Where a line below holds the string "page", that line goes into the answer.

►

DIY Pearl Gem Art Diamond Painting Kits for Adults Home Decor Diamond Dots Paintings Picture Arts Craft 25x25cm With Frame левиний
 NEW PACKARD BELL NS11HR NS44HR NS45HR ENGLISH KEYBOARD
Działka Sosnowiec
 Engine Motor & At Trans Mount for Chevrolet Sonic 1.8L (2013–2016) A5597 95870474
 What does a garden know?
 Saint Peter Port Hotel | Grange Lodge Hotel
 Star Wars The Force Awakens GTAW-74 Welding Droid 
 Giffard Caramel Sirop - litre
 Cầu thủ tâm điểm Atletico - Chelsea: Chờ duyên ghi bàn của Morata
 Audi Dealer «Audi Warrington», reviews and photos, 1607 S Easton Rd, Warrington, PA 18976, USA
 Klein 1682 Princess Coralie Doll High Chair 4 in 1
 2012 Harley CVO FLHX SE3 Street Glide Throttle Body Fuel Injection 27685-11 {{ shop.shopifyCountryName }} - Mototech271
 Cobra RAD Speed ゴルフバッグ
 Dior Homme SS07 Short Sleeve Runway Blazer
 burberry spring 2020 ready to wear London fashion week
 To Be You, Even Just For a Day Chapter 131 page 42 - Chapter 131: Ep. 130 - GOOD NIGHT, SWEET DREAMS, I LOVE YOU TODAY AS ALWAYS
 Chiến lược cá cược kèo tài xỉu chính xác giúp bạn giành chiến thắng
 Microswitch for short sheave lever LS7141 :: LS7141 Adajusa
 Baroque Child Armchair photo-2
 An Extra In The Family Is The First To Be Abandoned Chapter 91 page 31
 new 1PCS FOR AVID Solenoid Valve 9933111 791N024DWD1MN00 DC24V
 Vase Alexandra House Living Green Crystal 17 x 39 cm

◄

→ **Written reply**:
 To Be You, Even Just For a Day Chapter 131 page 42 - Chapter 131: Ep. 130 - GOOD NIGHT, SWEET DREAMS, I LOVE YOU TODAY AS ALWAYS
 An Extra In The Family Is The First To Be Abandoned Chapter 91 page 31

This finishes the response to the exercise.